Takeaway: Despite increasing regulatory headwinds, we remain quite bullish on e-cigs.

This note was originally published December 20, 2013 at 11:59 in Consumer Staples

Editor's note: This is an unlocked research note from Hedgeye analyst Matt Hedrick. For more information on how you can join the Hedgeye Revolution and become a subscriber click here.

No E-Cigs For You! - ecig

Yesterday, New York City’s city council voted overwhelmingly (43 to 8) to prohibit the use of e-cigs in indoor public areas where regular cigarettes are already banned. The Big Apple now joins New Jersey, North Dakota, Utah, and Arkansas which have already enacted similar bans in bars and restaurants. In recent weeks, we’ve also witnessed initial considerations on e-cig policy percolating in Chicago and Los Angeles.

 

NYC’s ban is set to take effect in four months, and follows the city’s recent decision to raise the age to buy traditional tobacco and e-cigs to 21 from 18, and raise the minimum price per pack of traditional cigs to $10.50 (set to take effect in APR/MAY 2014).

 

We view the vote as a marginal headwind to the industry.

 

In particular, the council’s focus was on fears that e-cigs could be a “gateway” to traditional cigarettes, outweighing “harm reduction” arguments. While we think that consumers intuitively understand that e-cigs offer a healthier alternative to traditional cigarettes (it’s the tar that kills you; the nicotine is simply an addictive agent), we think the industry stands to benefit as more science reveals the health benefits of an e-cig over a traditional cig.

 

Despite this obvious hit to the convenience of indoor smoking, we still see health considerations and a lower price point advantage driving the category as Big Tobacco’s focus on the category drives awareness, innovation and growth.

 

Just today, Philip Morris (PM) and Altria (MO) announced e-cig synergies across the two companies, effectively licensing and supplying (perhaps also manufacturing) each other’s brands across the globe. Note that both MO and PM have aspirations for nationwide e-cig distributions by mid-2014, MO under the brand MarkTen and PM with its yet to be disclosed brand.   

 

As we approach year-end, there remains an industry wide expectation that the FDA is set to imminently announce regulatory restrictions on electronic cigarettes. The exact timing? It’s still anyone’s guess. We believe the industry is bracing for regulation that could include:  

 

1) A ban of online commerce

2) Age verification standards at retail

3) Flavor limitations (beyond tobacco and menthol)

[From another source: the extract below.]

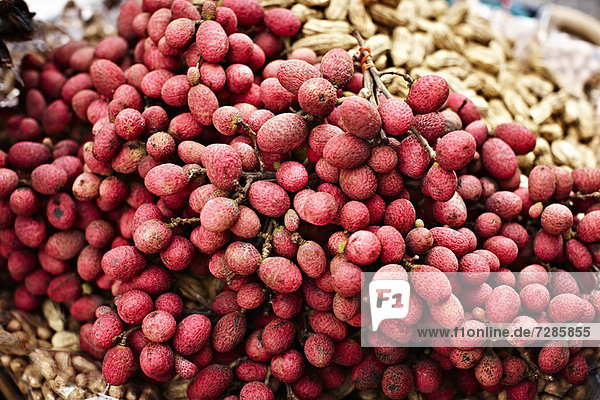 Close up of pile of lychee fruit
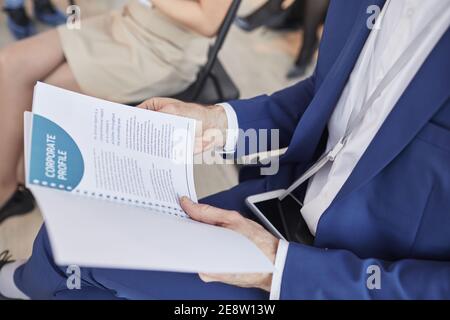 Beschnittene Seitenansicht des nicht erkennbaren Mannes, der den Projektflyer-Planer hält, während er bei einer Geschäftskonferenz im Publikum sitzt, Platz kopieren Stockfoto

4) Health/safety certifications

5) Labeling and marketing requirements

 

We think regulation of e-cigs is positive for the industry so long as it does not, in particular, stifle innovation or price/tax as traditional cigarettes.

 

For a more comprehensive overview of the industry and regulation please see our recent report: “E-Cigs at the Thanksgiving Table”.

 

Bottom line: Despite increasing regulatory headwinds, we remain quite bullish on e-cigs.